松井事務局長(右)から地獄谷の説明を受ける「つばたふるさと探偵団」の山崎会長(右から2人目)ら役員=小矢部市松尾

 石川県津幡町の観光ボランティア「つばたふるさと探偵団」の山崎信子会長(63)ら役員4人が5日、小矢部市の「ふる里おやべ再発見推進委員会」の松井賢三事務局長(71)の案内で、同市の源平倶利伽羅(くりから)合戦の史跡を訪れた。

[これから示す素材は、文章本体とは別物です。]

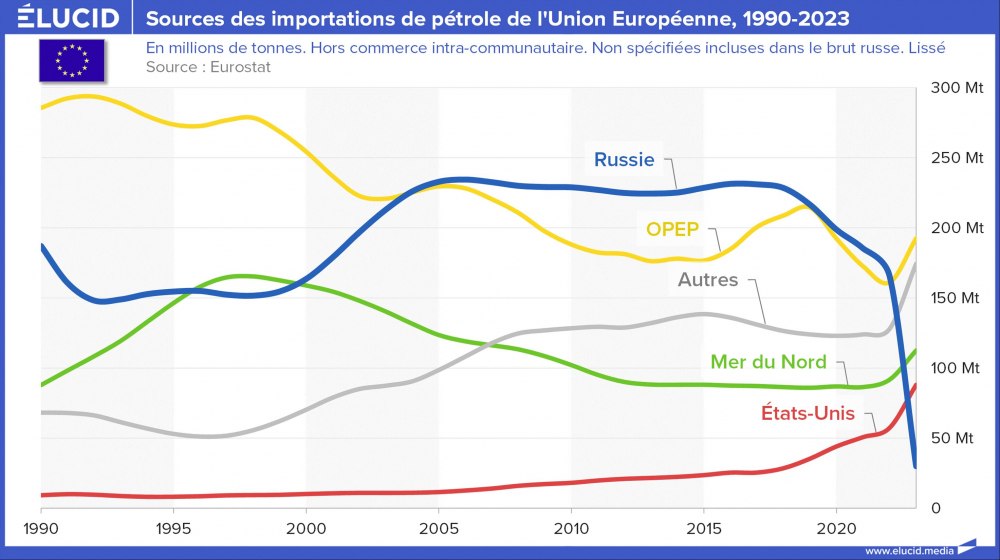Sources des importations de pétrole de l'Union européenne, 1990-2023 Sources des importations de pétrole de l'Union européenne, 1990-2023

源氏軍が「火牛(かぎゅう)の計」で平家軍を破ったと伝わる「地獄谷」を一望できるポイントなどを見学し、古戦場への理解を深めた。

 松井さんは車で気軽に足を運ぶことができるコースとして、平家軍の本陣があった「猿ケ馬場」や、「火牛(かぎゅう)の計」で敗れた平家軍がなだれ落ちたとされる「地獄谷」の眺望地点を紹介。推進委が昨年秋にのぼり旗を設置して分かりやすくしたことも説明した。

 牛の角に松明(たいまつ)を付けて突進させたとされる源氏軍の戦法について、松井さんはスペインの火牛祭りの写真を示し、「牛の角に松明を付けても牛は暴れない。火牛の計は実現可能だ」と強調した。山崎会長は「眺望地点で合戦全体の状況がよく分かる」と話した。

 ふるさと探偵団は今後、資料を作成し、会員全員で眺望地点を見学する。